Obviously, on the big issue of three-times prime minister Silvio ‘Bunga Bunga’ Berlusconi, who dominated Italian politics for two decades, he toes the party line — the world liberal left media line — that Berlusconi was beyond the pale. But he does at least have the decency to ask why so many Italians voted for him so often. This forces him to suggest that they were brainwashed, or were themselves equally bad, or else — heaven forbid — that the media-backed judicial assault on Berlusconi was political.

Hooper fudges the answer. Yet even Berlusconi’s one and only conviction (tax evasion) is absurd, and all those millions of Italians know it. At the time of the alleged offence he had no legal role in the company, unlike his son or his right-hand man, who both did and were acquitted of the same offence.
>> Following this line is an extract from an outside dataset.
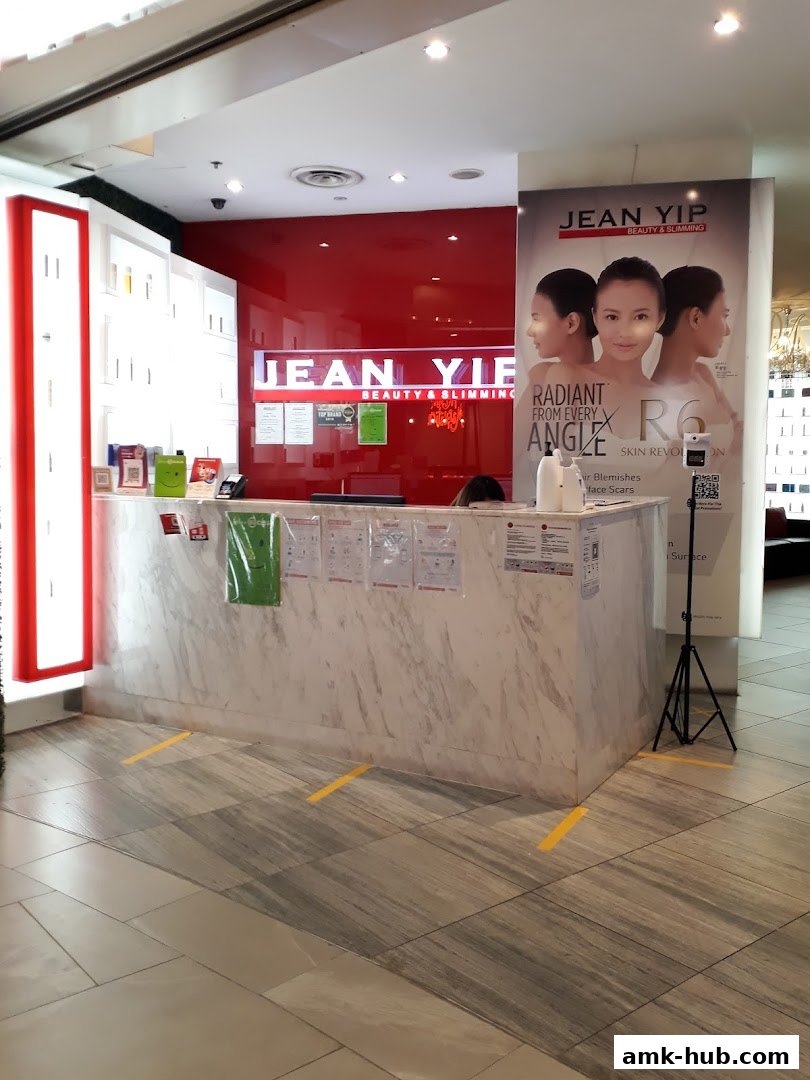 The reception counter of Jean Yip Beauty & Slimming with promotional posters.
The Robespierrian scapegoating of Berlusconi as the reason for all Italy’s ills tells us much about the dire state of the country’s media and judicial system, which ought to terrify anyone — not just Italians. He did not have blanket media control, as the media insisted. Indeed, the opposite was the case. Nearly all political talk-shows in Italy were, and remain, way to the left of the BBC, like most of its newspapers. As for Italy’s byzantine and ludicrous judicial system, one simply thinks of Amanda Knox — condemned, acquitted, condemned (and the case is still not over).

This book is stuffed with statistics from all manner of international bodies, even on how often Italian women have orgasms.They reminded me of those interminable speeches by Fidel Castro on the Cuban sugar harvest in which he used to reel off figures signifying nothing. More personal anecdotes and observations about his long experience of living in Italy would have been far more valuable; when these do appear they are like manna from heaven.

Something that depresses me about Italy is the slow death of the family since 1945 — and therefore of the nation; a trend which if not reversed will destroy the country. The Italians used to have so many children; now they have hardly any. Hooper does address this issue with his usual statistics but does not enlighten me. My view is that Italian women — more so than women anywhere else in the West — have decided that the only thing that counts in life is having a good time. It is, however, true —as the author notes — that the Italians do wear sunglasses all the time, even at night and in winter and inside church. Ah, those Italians.